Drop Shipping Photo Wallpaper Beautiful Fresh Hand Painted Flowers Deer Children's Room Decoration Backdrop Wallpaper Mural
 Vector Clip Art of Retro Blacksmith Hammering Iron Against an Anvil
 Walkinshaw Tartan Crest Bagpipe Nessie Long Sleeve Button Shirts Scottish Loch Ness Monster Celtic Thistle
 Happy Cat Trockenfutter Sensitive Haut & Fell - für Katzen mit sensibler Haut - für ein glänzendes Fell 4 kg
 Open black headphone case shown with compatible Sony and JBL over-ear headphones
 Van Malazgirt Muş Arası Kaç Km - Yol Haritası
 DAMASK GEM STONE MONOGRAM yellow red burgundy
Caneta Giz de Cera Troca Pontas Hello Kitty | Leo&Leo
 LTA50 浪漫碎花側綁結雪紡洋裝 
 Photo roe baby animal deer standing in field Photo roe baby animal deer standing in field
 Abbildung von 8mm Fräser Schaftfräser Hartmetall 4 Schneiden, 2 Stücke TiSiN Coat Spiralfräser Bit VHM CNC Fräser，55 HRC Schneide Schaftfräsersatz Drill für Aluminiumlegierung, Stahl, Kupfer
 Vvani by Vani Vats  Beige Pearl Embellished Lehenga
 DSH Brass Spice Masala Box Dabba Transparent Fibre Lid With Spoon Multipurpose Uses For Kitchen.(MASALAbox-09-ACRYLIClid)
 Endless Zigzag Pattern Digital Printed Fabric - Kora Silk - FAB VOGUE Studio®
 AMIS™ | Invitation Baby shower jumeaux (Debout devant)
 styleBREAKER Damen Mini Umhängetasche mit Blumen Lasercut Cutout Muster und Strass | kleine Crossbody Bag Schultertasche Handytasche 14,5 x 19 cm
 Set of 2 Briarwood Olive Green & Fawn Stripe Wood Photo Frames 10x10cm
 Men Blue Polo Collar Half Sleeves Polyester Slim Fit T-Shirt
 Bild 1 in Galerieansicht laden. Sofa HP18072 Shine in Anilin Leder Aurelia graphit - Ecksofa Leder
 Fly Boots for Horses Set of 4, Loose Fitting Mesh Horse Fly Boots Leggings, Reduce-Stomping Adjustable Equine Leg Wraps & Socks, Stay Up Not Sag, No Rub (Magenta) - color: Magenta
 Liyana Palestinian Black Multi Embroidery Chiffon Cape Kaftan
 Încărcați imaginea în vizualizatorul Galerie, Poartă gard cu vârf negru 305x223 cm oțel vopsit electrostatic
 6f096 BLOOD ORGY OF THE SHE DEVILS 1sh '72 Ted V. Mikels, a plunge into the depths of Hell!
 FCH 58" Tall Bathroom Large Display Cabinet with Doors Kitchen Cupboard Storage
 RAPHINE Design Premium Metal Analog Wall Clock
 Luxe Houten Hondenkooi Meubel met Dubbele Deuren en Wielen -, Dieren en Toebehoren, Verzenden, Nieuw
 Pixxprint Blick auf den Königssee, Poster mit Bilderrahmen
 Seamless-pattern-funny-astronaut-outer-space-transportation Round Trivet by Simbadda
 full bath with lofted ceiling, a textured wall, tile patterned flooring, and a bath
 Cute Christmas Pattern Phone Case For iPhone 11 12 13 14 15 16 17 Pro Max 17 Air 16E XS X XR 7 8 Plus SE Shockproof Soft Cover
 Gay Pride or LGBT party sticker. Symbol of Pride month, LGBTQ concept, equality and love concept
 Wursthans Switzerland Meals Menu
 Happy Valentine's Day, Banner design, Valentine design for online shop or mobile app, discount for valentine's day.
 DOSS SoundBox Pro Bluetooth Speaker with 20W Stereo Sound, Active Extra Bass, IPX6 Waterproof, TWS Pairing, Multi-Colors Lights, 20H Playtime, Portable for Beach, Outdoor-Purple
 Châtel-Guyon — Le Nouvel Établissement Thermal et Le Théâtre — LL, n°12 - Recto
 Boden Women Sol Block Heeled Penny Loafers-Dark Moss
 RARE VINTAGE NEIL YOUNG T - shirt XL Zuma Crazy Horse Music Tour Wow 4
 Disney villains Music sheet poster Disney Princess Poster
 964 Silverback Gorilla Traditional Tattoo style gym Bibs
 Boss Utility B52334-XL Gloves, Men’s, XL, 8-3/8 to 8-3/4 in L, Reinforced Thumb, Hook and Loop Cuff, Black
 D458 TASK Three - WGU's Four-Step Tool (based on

### Work instruction
Write the entries above out again. Match them exactly.

### Task answer
Drop Shipping Photo Wallpaper Beautiful Fresh Hand Painted Flowers Deer Children's Room Decoration Backdrop Wallpaper Mural
 Vector Clip Art of Retro Blacksmith Hammering Iron Against an Anvil
 Walkinshaw Tartan Crest Bagpipe Nessie Long Sleeve Button Shirts Scottish Loch Ness Monster Celtic Thistle
 Happy Cat Trockenfutter Sensitive Haut & Fell - für Katzen mit sensibler Haut - für ein glänzendes Fell 4 kg
 Open black headphone case shown with compatible Sony and JBL over-ear headphones
 Van Malazgirt Muş Arası Kaç Km - Yol Haritası
 DAMASK GEM STONE MONOGRAM yellow red burgundy
Caneta Giz de Cera Troca Pontas Hello Kitty | Leo&Leo
 LTA50 浪漫碎花側綁結雪紡洋裝 
 Photo roe baby animal deer standing in field Photo roe baby animal deer standing in field
 Abbildung von 8mm Fräser Schaftfräser Hartmetall 4 Schneiden, 2 Stücke TiSiN Coat Spiralfräser Bit VHM CNC Fräser，55 HRC Schneide Schaftfräsersatz Drill für Aluminiumlegierung, Stahl, Kupfer
 Vvani by Vani Vats  Beige Pearl Embellished Lehenga
 DSH Brass Spice Masala Box Dabba Transparent Fibre Lid With Spoon Multipurpose Uses For Kitchen.(MASALAbox-09-ACRYLIClid)
 Endless Zigzag Pattern Digital Printed Fabric - Kora Silk - FAB VOGUE Studio®
 AMIS™ | Invitation Baby shower jumeaux (Debout devant)
 styleBREAKER Damen Mini Umhängetasche mit Blumen Lasercut Cutout Muster und Strass | kleine Crossbody Bag Schultertasche Handytasche 14,5 x 19 cm
 Set of 2 Briarwood Olive Green & Fawn Stripe Wood Photo Frames 10x10cm
 Men Blue Polo Collar Half Sleeves Polyester Slim Fit T-Shirt
 Bild 1 in Galerieansicht laden. Sofa HP18072 Shine in Anilin Leder Aurelia graphit - Ecksofa Leder
 Fly Boots for Horses Set of 4, Loose Fitting Mesh Horse Fly Boots Leggings, Reduce-Stomping Adjustable Equine Leg Wraps & Socks, Stay Up Not Sag, No Rub (Magenta) - color: Magenta
 Liyana Palestinian Black Multi Embroidery Chiffon Cape Kaftan
 Încărcați imaginea în vizualizatorul Galerie, Poartă gard cu vârf negru 305x223 cm oțel vopsit electrostatic
 6f096 BLOOD ORGY OF THE SHE DEVILS 1sh '72 Ted V. Mikels, a plunge into the depths of Hell!
 FCH 58" Tall Bathroom Large Display Cabinet with Doors Kitchen Cupboard Storage
 RAPHINE Design Premium Metal Analog Wall Clock
 Luxe Houten Hondenkooi Meubel met Dubbele Deuren en Wielen -, Dieren en Toebehoren, Verzenden, Nieuw
 Pixxprint Blick auf den Königssee, Poster mit Bilderrahmen
 Seamless-pattern-funny-astronaut-outer-space-transportation Round Trivet by Simbadda
 full bath with lofted ceiling, a textured wall, tile patterned flooring, and a bath
 Cute Christmas Pattern Phone Case For iPhone 11 12 13 14 15 16 17 Pro Max 17 Air 16E XS X XR 7 8 Plus SE Shockproof Soft Cover
 Gay Pride or LGBT party sticker. Symbol of Pride month, LGBTQ concept, equality and love concept
 Wursthans Switzerland Meals Menu
 Happy Valentine's Day, Banner design, Valentine design for online shop or mobile app, discount for valentine's day.
 DOSS SoundBox Pro Bluetooth Speaker with 20W Stereo Sound, Active Extra Bass, IPX6 Waterproof, TWS Pairing, Multi-Colors Lights, 20H Playtime, Portable for Beach, Outdoor-Purple
 Châtel-Guyon — Le Nouvel Établissement Thermal et Le Théâtre — LL, n°12 - Recto
 Boden Women Sol Block Heeled Penny Loafers-Dark Moss
 RARE VINTAGE NEIL YOUNG T - shirt XL Zuma Crazy Horse Music Tour Wow 4
 Disney villains Music sheet poster Disney Princess Poster
 964 Silverback Gorilla Traditional Tattoo style gym Bibs
 Boss Utility B52334-XL Gloves, Men’s, XL, 8-3/8 to 8-3/4 in L, Reinforced Thumb, Hook and Loop Cuff, Black
 D458 TASK Three - WGU's Four-Step Tool (based on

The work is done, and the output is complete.